Why I Joined Yugabyte as a Solutions Engineer

Arisa Izuno

Yugabyte Japan was established in October 2021 and has grown rapidly ever since. This is the second “Yugabyte Japan Spotlight Interview,”  which focuses on Yugabeings working in Japan. A Japanese version of this blog is also available.

My background

I’ve worked as an IT engineer for over 20 years—ever since I graduated from university. I actually majored in sociology, and never dreamed I would end up working in the IT industry. However, I decided to start my career as an IT engineer at IBM Japan, as I believed there would be equal work opportunities, regardless of gender. I also wanted to build IT skills that I could utilize in the future.

I ended up spending 15 years at IBM , focusing on integrations and automation. In the summer of 2019, I was contacted by a recruiter who showed me a MuleSoft presentation and demo. I was fascinated by how much the integration solution had evolved and adapted to cloud native technologies. Although I was anxious about leaving IBM; I felt that it was time to challenge myself, and in October 2019, I joined MuleSoft Solutions as their first engineer in Japan.

My experience at MuleSoft and how I met Yugabyte

My first few months at MuleSoft were a battle as I had no manager or team to help with product introductions, demo requests, workshops, marketing content creation, or even event support. MuleSoft can be used to connect Salesforce and on-premise customer databases, giving companies a complete view of their customers. This type of legacy modernization is a common challenge for many Japanese companies, which are keen to address this issue as soon as possible. However, many didn’t know what to do with their existing IT assets or how to draw up a new, future-proof architecture.

Getting to Know Yugabyte

I first encountered Yugabyte via a LinkedIn connection. Shortly after I joined MuleSoft, I went to a kickoff in San Francisco and met a former employee. He had left the company over a year before, but he knew MuleSoft when it was an open-source project. He was well informed about technology trends in Silicon Valley and the open-source community, so I was curious about the company he had joined—Yugabyte.

As I read more on the Yugabyte Distributed SQL blog, I realized that this was a company that could provide the missing link and help Japanese enterprises to modernize their backend systems.

Why Work at Yugabyte?

YugabyteDB is an open source, cloud native distributed SQL database. It was predicated on cloud native technologies such as massive scalability and microservices. Therefore, Yugabyte’s tutorials include materials on Docker and Kubernetes, as a matter of course, as well as being installed on macOS and Linux.

It was a culture shock for me, primarily used to “born in on-prem world” software, to see multiple containers launched and clusters configured just by passing the number of replicas as an argument like “- rf 5”.

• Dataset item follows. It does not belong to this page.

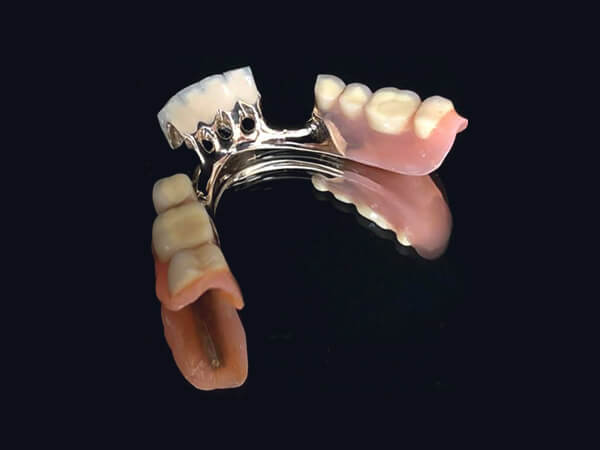Denture 2000年に作製させて頂いた入れ歯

YugabyteDB runs anywhere, which is one of its strengths. For example, Google Spanner can handle geographic distribution and large-scale scalability, but it cannot run on-premise. Many companies are still hesitant to store their data in the public cloud for security and compliance reasons. For such companies, having the option to run a strongly consistent and scalable distributed SQL database on-premise or in a private cloud is a huge advantage.

I was also attracted to Yugabyte’s open-source roots, after seeing Linux and Kubernetes gradually become de facto standards and watching my former company, MuleSoft, grow from an open-source project. Developers are attracted to open-source projects, and software supported by developers becomes de facto and forms an ecosystem. For example, you can create an entire open-source solution using YugabyteDB. You can choose Prometheus to monitor the YugabyteDB load, Debezium for change data capture, Kafka for streaming, Elasticsearch and Kibana for search and visualization, and so on.

Furthermore, talent is attracted to projects that developers are interested in. Yugabyte is attracting the world’s top engineers, and is growing and evolving every day. This gives me confidence that our database has the potential to become THE de facto distributed SQL database for cloud native applications.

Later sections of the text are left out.